Efthimios Kotzambasoulis (1880-1938) was an architect originally from the Voiou Zone. In Constantinople, he was active in philanthropy within the Greek community and was the first president of the "Saint Spyridon" Brotherhood (1904) and a member of the ecclesiastical committee of the Mother of God in Befa, Constantinople. During the period he was active in Thessaloniki, he was a founding member and treasurer of the Association of Architects of Constantinople in Thessaloniki (year of foundation 1924) and his office was located in Megaro Drakoulis, together with the architects Symeon Mylonas and Konstantinos Giotopoulos.

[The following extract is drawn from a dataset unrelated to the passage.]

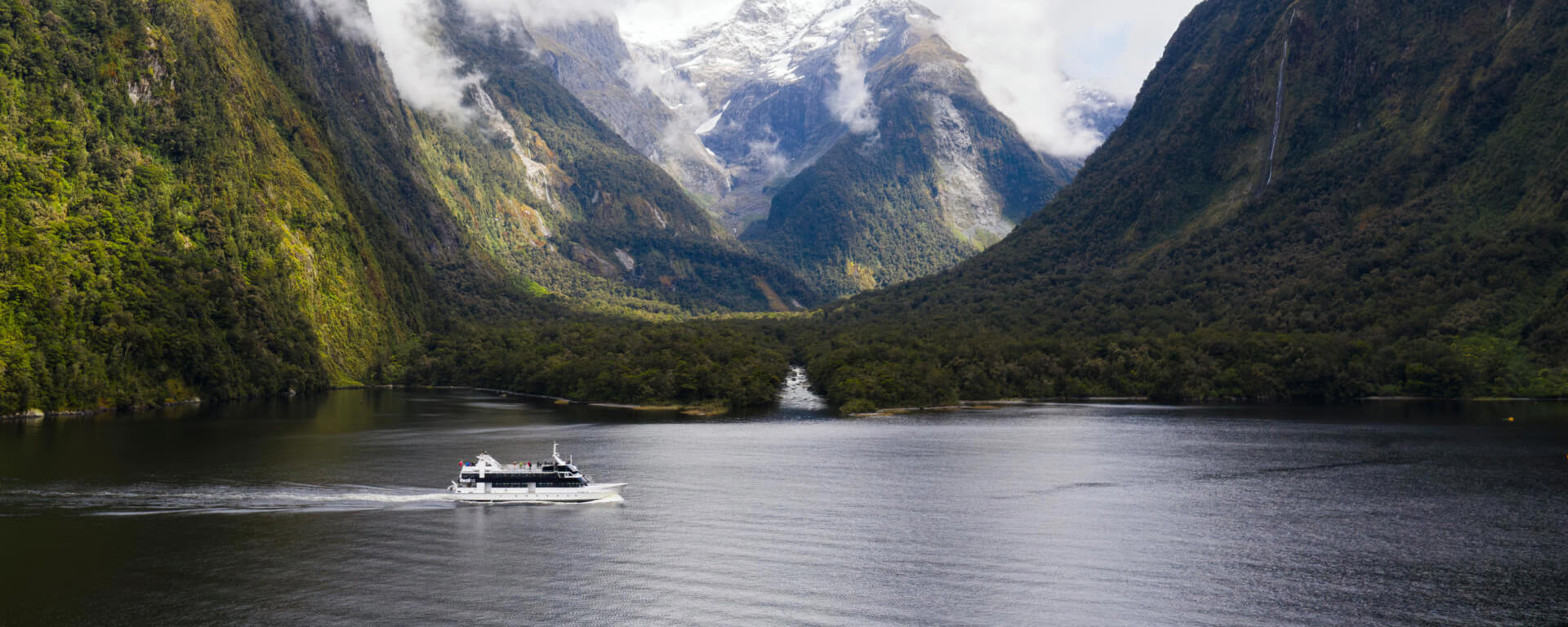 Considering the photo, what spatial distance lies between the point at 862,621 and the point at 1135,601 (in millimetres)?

Eli Modiano (1881 - 1968) was a Jewish architect, scion of the well-known and wealthy Modiano family, one of the most powerful families of the Sephardic Jewish community of Thessaloniki. Eli Modiano studied at the École Centrale des Arts et Manufactures in Paris and after returning to Thessaloniki, he was one of the most important architects who left their mark on the city after he undertook the design of important buildings in the city, such as the Customs, Folklore and Ethnological Museum of Macedonia - Thrace and the Modiano Market.
Maximilianos Rubens was an Armenian or Jewish architect who graduated from the School of Fine Arts of Constantinople (1912), who worked as a freelancer, and engaged in the study and execution of architectural projects in Thessaloniki, mainly in the fire zone. There are also his works in Kozani ("ERMIONION" Hotel) and in Larissa (Abraam Mouson's House). He was vice-president of the Association of Architects of Constantinople in Thessaloniki.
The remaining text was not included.